10 minutes to… a preprocessed directory#

This tutorial is a first introduction into running OGGM. The OGGM workflow is best explained with an example. In the following, we will show you the OGGM fundamentals (Doc page: model structure and fundamentals). This example is also meant to guide you through a first-time setup if you are using OGGM on your own computer. If you prefer not to install OGGM on your computer, you can always run this notebook online instead!

Tags: beginner, glacier-directory, workflow

First time set-up#

Input data folders#

If you are using your own computer: before you start, make sure that you have set-up the input data configuration file at your wish.

In the course of this tutorial, we will need to download data needed for each glacier (a few 100s of mb at max, depending on the chosen glaciers), so make sure you have an internet connection.

cfg.initialize() and cfg.PARAMS#

An OGGM simulation script will always start with the following commands:

from oggm import cfg, utils
cfg.initialize()
2024-08-25 21:07:07: oggm.cfg: Reading default parameters from the OGGM `params.cfg` configuration file.
2024-08-25 21:07:07: oggm.cfg: Multiprocessing switched OFF according to the parameter file.
2024-08-25 21:07:07: oggm.cfg: Multiprocessing: using all available processors (N=4)

A call to cfg.initialize() will read the default parameter file (or any user-provided file) and make them available to all other OGGM tools via the cfg.PARAMS dictionary. Here are some examples of these parameters:

cfg.PARAMS['melt_f'], cfg.PARAMS['ice_density'], cfg.PARAMS['continue_on_error']
(5.0, 900.0, False)

See here for the default parameter file and a description of their role and default value.

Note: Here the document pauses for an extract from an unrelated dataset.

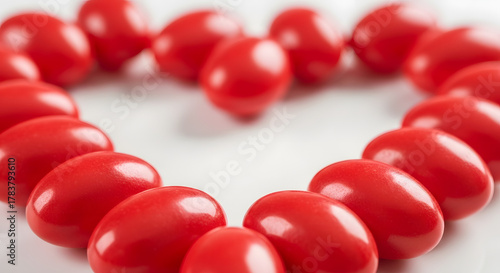 Red Cherry Tomatoes Arranged in a Heart Shape on a White Surface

# You can try with or without multiprocessing: with two glaciers, OGGM could run on two processors
cfg.PARAMS['use_multiprocessing'] = True
2024-08-25 21:07:08: oggm.cfg: Multiprocessing switched ON after user settings.

Workflow#

In this section, we will explain the fundamental concepts of the OGGM workflow:

  • Working directories

  • Glacier directories

  • Tasks

Working directory#

Each OGGM run needs a single folder where to store the results of the computations for all glaciers. This is called a “working directory” and needs to be specified before each run. Here we create a temporary folder for you:

cfg.PATHS['working_dir'] = utils.gettempdir(dirname='OGGM-GettingStarted-10m', reset=True)
cfg.PATHS['working_dir']
'/tmp/OGGM/OGGM-GettingStarted-10m'

We use a temporary directory for this example (a directory which will be deleted by your operating system next time to restart your computer), but in practice for a real simulation, you will set this working directory yourself (for example: /home/zoe/OGGM_output). The size of this directory will depend on how many glaciers you’ll simulate!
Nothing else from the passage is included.